Kronologi, Jakarta – Pemerintah harus turun tangan mencari akar permasalahan terkait gugatan Rp 39,5 triliun dari perusahaan migas asal Amerika Serikat (AS), Anadarko Petroleum Corporation, kepada PT Pertamina (Persero).
Menurut Anggota Komisi VII DPR RI, Mulyanto, kasus ini sangat besar dan serius sehingga perlu peran negara untuk membantu menyelesaikannya.
“Pemerintah wajib membantu Pertamina untuk berembug mencarikan solusi terkait soal gugatan dari perusahaan AS, Anadarko Petroleum Corporation terkait perjanjian impor 1 juta ton (MTPA) gas per tahun dalam jangka waktu 20 tahun dari Mozambik,” kata Mulyanto dalam keterangannya kepada Kronologi.id, Rabu (20/1/2021).

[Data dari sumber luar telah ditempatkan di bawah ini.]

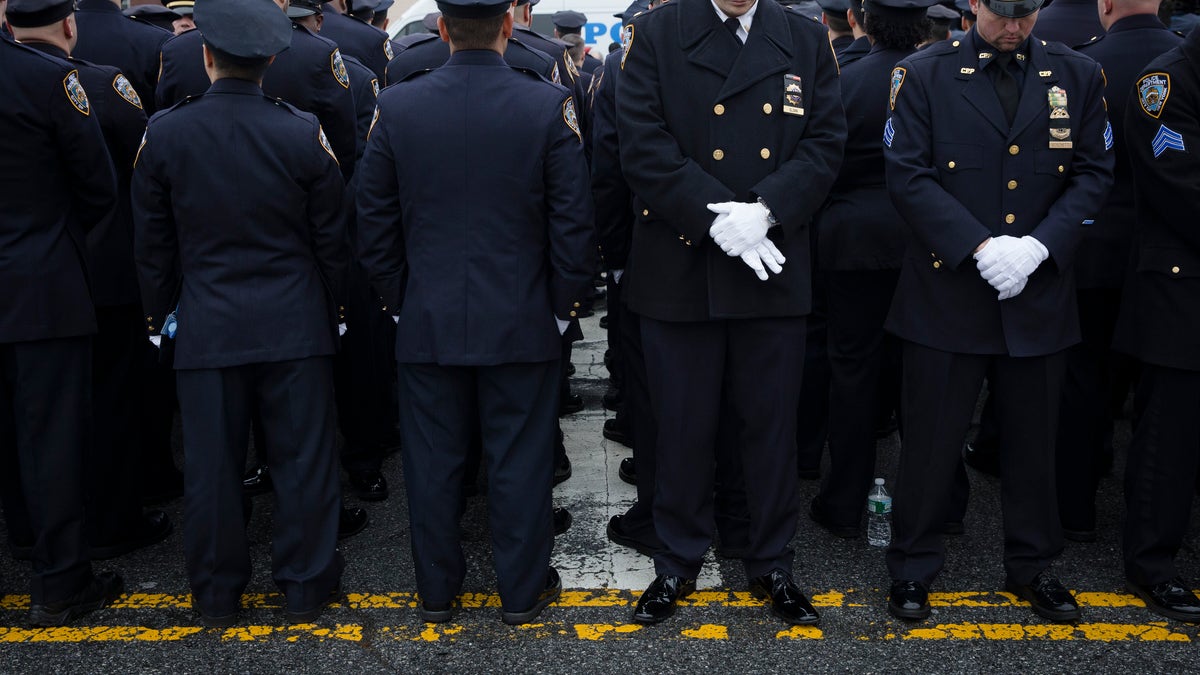 f2d02d23-NYPD Officers Shot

Mulyanto mengatakan, Pertamina harus terbuka dan menjelaskan kepada publik soal gugatan tersebut. “Jangan ditutup-tutupi karena tuntutannya tidak main-main yakni Pertamina harus membayar kerugian sebesar Rp 39,5 triliun kepada Anadarko akibat pembatalan jual-beli LNG tersebut pada Februari 2019,” tegasnya.

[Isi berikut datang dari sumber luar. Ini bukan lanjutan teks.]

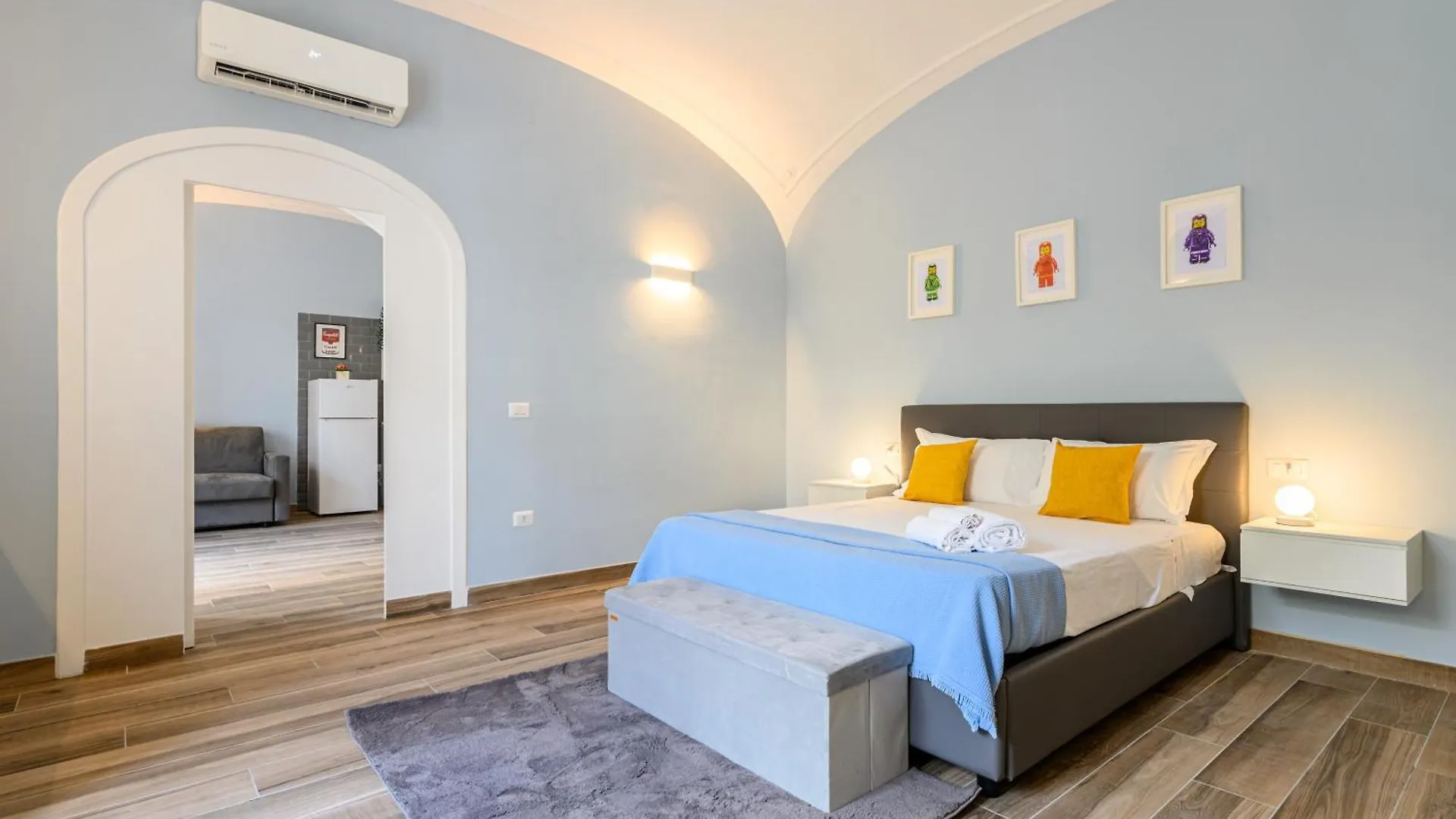 Apartment Home Santa Teresa Degli Scalzi 118 Naples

Terlepas dari siapa yang salah, lanjut Mulyanto, Pemerintah harus mengupayakan pembatalan gugatan material senilai hampir Rp 40 triliun itu. Terlebih, saat ini Negara mengalami kekurangan uang sehingga gugatan itu harus diselesaikan dengan baik.
“Jangan sampai kita harus mengeluarkan kocek sebesar itu untuk sesuatu yang tidak perlu,” tuturnya.

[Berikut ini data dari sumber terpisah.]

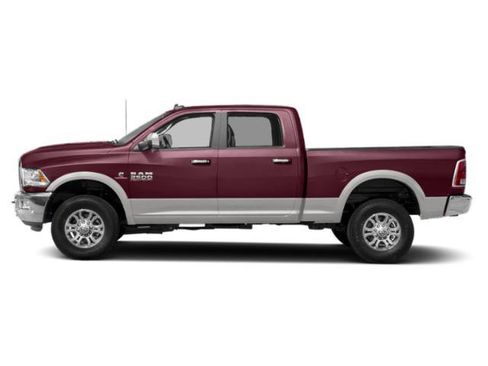 Used 2018 RAM 2500 Laramie AWD/4WD image 3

Wakil Ketua Fraksi PKS DPR menambahkan, gugatan ini adalah pelajaran penting agar ke depan Pemerintah lebih akurat menyusun perencanaan pertumbuhan kebutuhan energi. Dan, jangan ada lagi salah hitung atau miss match.
“Seperti kasus listrik PLN yang over supply mendekati 60%, namun nyatanya kita masih saja bangun pembangkit dengan utang PLN yang mencapai Rp 500 triliun,” jelas Mulyanto.
Perhitungan yang cermat juga perlu dilakukan dalam hal pengadaan LNG. Karena, di saat produksi LNG surplus, memungkinkan ekspor, Pertamina malah mengimpor gas ini dalam jumlah besar.
“Logikanya tidak pas. Padahal diketahui, bahwa transaksi berjalan perdagangan migas kita terus tekor setiap tahun. Semestinya yang dilakukan bukanlah impor gas tetapi ekspor,” ungkapnya.
“Secara umum strategi dasar kita adalah menggenjot lifting migas sehingga kita dapat lebih baik memenuhi kebutuhan migas domestik dan terus mengurangi impor migas, yang dengan itu defisit transaksi berjalan migas dapat direduksi. Syukur-syukur kalau bisa surplus. Bukan malah memperbesar defisit transaksi berjalan melalui impor LNG,” tukasnya.